### Prompt
Using only the entries below, output the lines starting at the one containing "Once you are" and ending at the one containing "When your Redragon", exactly and inclusive of both, omitting the pictures.

### Data records

=======

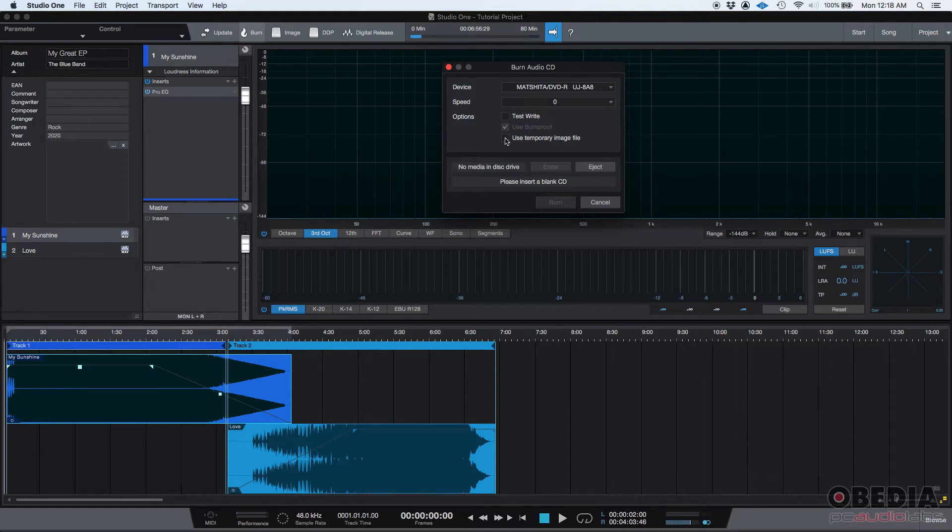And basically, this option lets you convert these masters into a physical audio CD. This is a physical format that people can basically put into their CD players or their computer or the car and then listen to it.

=======

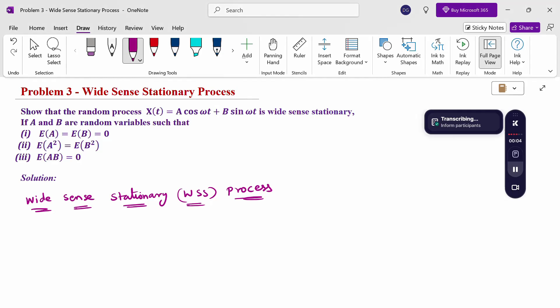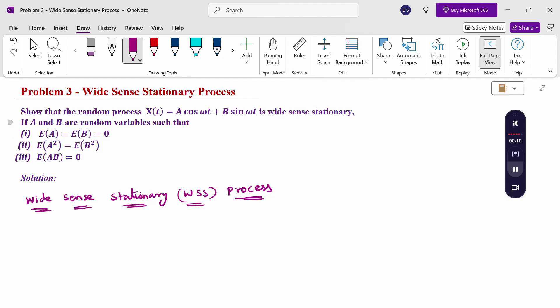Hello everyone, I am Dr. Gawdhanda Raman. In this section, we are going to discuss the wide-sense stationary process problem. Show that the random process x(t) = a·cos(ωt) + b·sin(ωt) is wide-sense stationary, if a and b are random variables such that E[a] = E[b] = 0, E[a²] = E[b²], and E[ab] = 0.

=======

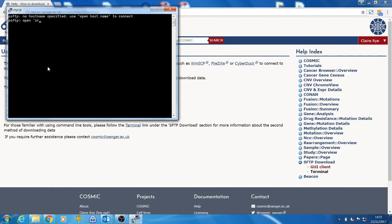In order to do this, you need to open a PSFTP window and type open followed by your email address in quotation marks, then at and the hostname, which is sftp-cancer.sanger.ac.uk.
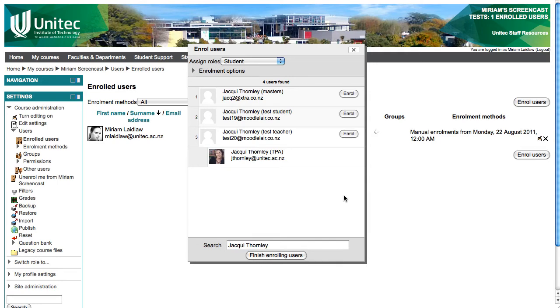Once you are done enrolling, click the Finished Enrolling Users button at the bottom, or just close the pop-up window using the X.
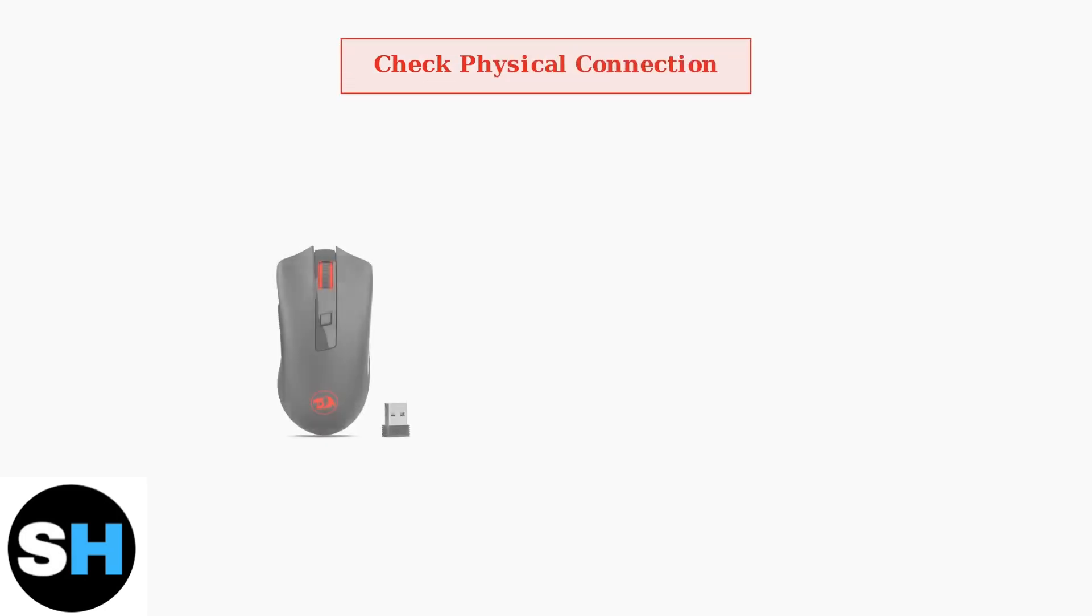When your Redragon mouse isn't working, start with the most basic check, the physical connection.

=======

### The answer
Once you are done enrolling, click the Finished Enrolling Users button at the bottom, or just close the pop-up window using the X.
When your Redragon mouse isn't working, start with the most basic check, the physical connection.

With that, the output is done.